[Stored items from a collection]
::::::::

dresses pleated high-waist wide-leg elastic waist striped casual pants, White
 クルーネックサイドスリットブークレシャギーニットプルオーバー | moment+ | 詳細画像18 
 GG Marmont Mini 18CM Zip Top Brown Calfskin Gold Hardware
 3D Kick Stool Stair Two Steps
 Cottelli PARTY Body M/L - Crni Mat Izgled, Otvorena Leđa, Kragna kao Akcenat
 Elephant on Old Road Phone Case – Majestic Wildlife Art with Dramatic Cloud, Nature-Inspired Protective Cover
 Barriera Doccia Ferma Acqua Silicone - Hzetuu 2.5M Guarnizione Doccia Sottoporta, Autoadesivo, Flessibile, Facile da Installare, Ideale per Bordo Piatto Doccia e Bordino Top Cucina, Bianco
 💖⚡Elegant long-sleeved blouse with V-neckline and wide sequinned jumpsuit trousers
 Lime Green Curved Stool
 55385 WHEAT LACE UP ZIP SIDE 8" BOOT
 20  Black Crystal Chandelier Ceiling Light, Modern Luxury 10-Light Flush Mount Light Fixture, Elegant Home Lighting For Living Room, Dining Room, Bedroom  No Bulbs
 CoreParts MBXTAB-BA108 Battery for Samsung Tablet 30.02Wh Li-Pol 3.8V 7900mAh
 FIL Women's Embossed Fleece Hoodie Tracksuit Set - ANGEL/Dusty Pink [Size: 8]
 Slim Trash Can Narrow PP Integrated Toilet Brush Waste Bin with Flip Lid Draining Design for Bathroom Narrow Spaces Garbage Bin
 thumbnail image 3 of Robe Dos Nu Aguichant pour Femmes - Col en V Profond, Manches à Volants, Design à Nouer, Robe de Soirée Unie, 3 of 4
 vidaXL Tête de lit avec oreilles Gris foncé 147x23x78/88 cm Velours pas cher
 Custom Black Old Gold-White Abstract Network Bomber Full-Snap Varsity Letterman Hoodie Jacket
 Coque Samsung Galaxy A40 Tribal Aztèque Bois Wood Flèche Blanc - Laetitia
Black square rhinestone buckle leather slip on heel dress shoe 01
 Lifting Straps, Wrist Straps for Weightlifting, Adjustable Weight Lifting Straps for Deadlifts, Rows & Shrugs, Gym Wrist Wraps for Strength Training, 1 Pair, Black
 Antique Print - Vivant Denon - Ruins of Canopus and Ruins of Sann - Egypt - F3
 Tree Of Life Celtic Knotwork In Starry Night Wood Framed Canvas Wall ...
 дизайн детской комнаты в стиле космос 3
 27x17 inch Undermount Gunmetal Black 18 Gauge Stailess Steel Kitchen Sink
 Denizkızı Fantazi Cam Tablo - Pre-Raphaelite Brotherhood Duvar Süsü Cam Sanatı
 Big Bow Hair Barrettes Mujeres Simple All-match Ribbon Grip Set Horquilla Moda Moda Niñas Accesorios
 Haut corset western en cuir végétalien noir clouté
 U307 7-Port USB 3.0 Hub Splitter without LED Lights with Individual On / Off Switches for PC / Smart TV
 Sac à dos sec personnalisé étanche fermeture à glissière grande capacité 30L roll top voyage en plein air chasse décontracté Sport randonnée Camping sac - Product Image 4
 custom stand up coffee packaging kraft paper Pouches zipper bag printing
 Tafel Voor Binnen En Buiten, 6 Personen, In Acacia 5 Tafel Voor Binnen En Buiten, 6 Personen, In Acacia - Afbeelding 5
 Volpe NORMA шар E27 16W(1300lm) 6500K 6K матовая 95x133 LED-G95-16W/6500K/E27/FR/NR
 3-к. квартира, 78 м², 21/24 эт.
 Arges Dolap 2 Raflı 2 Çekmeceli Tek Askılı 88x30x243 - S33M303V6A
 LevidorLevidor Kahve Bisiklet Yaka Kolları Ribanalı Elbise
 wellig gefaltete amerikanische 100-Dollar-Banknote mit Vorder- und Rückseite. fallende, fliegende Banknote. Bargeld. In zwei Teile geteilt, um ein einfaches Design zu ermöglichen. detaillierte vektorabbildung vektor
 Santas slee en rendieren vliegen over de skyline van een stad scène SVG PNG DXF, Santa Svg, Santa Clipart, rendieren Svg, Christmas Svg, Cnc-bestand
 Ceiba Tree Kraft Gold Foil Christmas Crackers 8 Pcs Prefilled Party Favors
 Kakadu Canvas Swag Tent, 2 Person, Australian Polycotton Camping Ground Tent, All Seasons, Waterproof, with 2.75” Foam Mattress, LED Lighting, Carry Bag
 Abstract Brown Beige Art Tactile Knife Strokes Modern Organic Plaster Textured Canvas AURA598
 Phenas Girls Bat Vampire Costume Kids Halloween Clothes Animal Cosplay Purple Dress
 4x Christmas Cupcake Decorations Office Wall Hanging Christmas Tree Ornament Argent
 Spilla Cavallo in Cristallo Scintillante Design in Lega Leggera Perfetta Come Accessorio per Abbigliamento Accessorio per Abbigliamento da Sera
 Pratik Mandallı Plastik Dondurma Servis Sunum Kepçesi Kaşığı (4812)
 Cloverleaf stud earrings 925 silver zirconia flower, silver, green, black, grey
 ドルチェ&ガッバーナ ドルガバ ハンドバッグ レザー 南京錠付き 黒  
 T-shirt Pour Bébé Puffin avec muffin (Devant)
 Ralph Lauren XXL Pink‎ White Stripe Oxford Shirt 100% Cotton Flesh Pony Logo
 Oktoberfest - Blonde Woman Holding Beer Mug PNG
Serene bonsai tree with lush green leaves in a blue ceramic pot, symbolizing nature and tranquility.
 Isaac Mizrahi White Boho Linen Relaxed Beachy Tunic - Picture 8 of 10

::::::::

(Action item)
Quote only the stretch of lines that starts the data above and ends with the line containing "CoreParts MBXTAB-BA108 Battery", both included.

(Task answer)
dresses pleated high-waist wide-leg elastic waist striped casual pants, White
 クルーネックサイドスリットブークレシャギーニットプルオーバー | moment+ | 詳細画像18 
 GG Marmont Mini 18CM Zip Top Brown Calfskin Gold Hardware
 3D Kick Stool Stair Two Steps
 Cottelli PARTY Body M/L - Crni Mat Izgled, Otvorena Leđa, Kragna kao Akcenat
 Elephant on Old Road Phone Case – Majestic Wildlife Art with Dramatic Cloud, Nature-Inspired Protective Cover
 Barriera Doccia Ferma Acqua Silicone - Hzetuu 2.5M Guarnizione Doccia Sottoporta, Autoadesivo, Flessibile, Facile da Installare, Ideale per Bordo Piatto Doccia e Bordino Top Cucina, Bianco
 💖⚡Elegant long-sleeved blouse with V-neckline and wide sequinned jumpsuit trousers
 Lime Green Curved Stool
 55385 WHEAT LACE UP ZIP SIDE 8" BOOT
 20  Black Crystal Chandelier Ceiling Light, Modern Luxury 10-Light Flush Mount Light Fixture, Elegant Home Lighting For Living Room, Dining Room, Bedroom  No Bulbs
 CoreParts MBXTAB-BA108 Battery for Samsung Tablet 30.02Wh Li-Pol 3.8V 7900mAh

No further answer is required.